Children make good progress. The staff team carefully watch their development and plan challenging next steps for children's learning. Children who have specific educational needs and/or disabilities are provided with targeted support to help them to succeed to the best of their ability.

Staff work closely with other professionals to provide children with a joined-up approach towards their progress.Older children are learning the importance of building on peer friendships and recognising the needs and opinions of others. They are able to share skills they are learning with each other to build on their development.

However, the current routines used within the baby room do not fully support babies to consistently gain the skills required for their future learning. For example, the opportunities that staff provide for babies to interact with and observe each other during meal times are limited.Staff help to support children to develop a keen awareness of their immediate community and in the similarities and differences between themselves and others.

Children read stories that help them to learn about different people and cultures. They take part in activities, such as planting trees, to help them to learn about protecting the environment for their future. This helps children to become more inquisitive about the wider world around them.

Staff plan activities to support older children to help develop their early literacy skills. For example, children are able to recognise and choose letters contained in their names to make bracelets. However, planning for younger children is not as precise as for the older age groups.

For instance, staff do not fully consider how to promote opportunities to develop children's own creativity and imagination.


The arrangements for safeguarding are effective.Staff have a secure understanding of how to protect the children in their care.
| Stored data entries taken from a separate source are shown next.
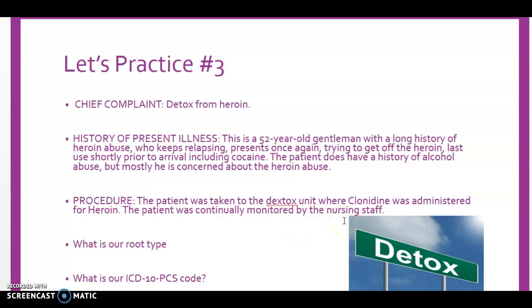Our root type is pharmacotherapy, because we are using a medication to treat him. In the PCS book go to P and then down to pharmacotherapy — I'm on page 84. The index listing is 'pharmacotherapy, for substance abuse,' which is what we're doing: giving the patient clonidine for his heroin abuse. Under pharmacotherapy, find the specific medication administered — clonidine — and the code is HZ96ZZZ.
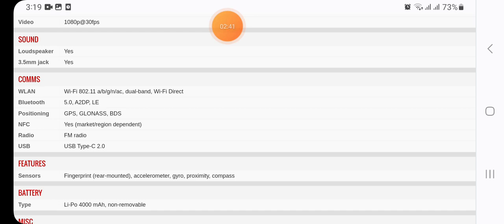Here we have in comms of WLAN WiFi 802.11 a/b/g/n/ac dual band WiFi Direct, Bluetooth 5.0 A2DP LE, positioning GPS GLONASS BDS, NFC yes market/region dependent, radio FM radio, USB Type-C 2.0.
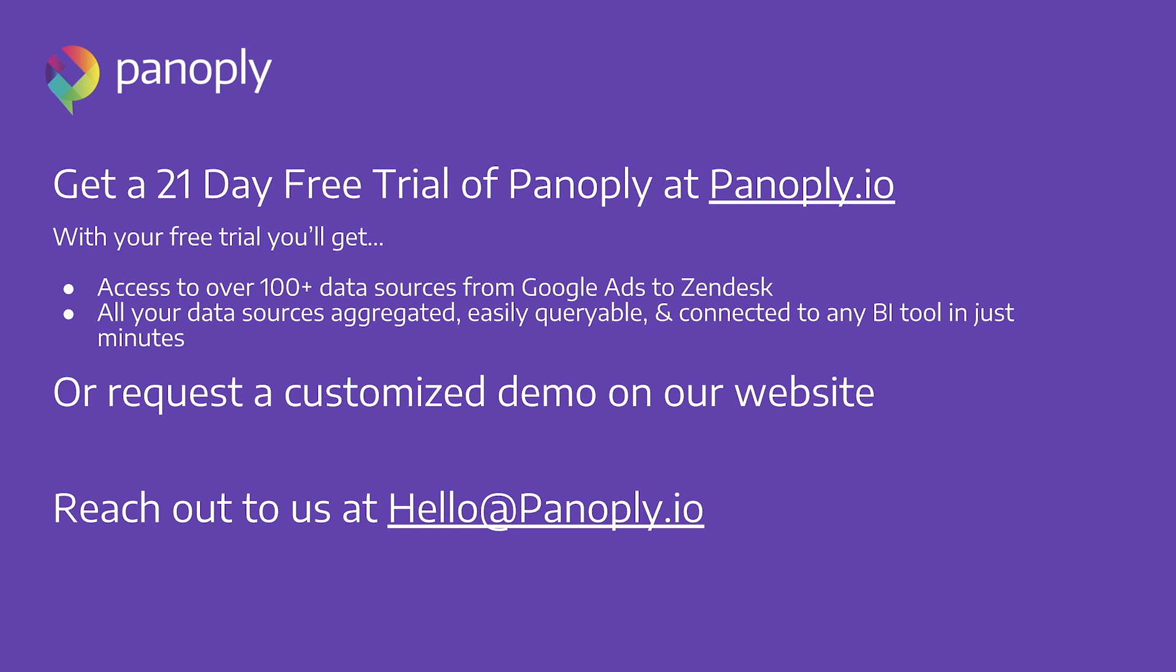And remember, Panoply is the only all-in-one data stack solution with built-in ETL, automated data transformation, query and storage optimization, and support for anyone under one predictable subscription per month. So go ahead and try for yourself by setting up your own database with a free 21-day trial by going to www.panoply.io or sign up for a customized demo.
They are confident about how they would identify potential signs and symptoms of abuse and the procedures they would use to report concerns. This helps to protect the welfare of children. Staff use thorough risk assessments to help keep children safe when at the nursery and in the forest school areas.

The leadership team follow effective recruitment procedures and conduct regular checks to ensure staff working with children are suitable. On-going training ensures staff have the most up-to-date knowledge of additional issues, such as county lines and the 'Prevent' duty.

What does the setting need to do to improve?

To further improve the quality of the early years provision, the provider should: review mealtime routines for babies, to fully support their developing personal and social skills strengthen resources and activities provided for younger children, to further promote and encourage their own creativity and imagination.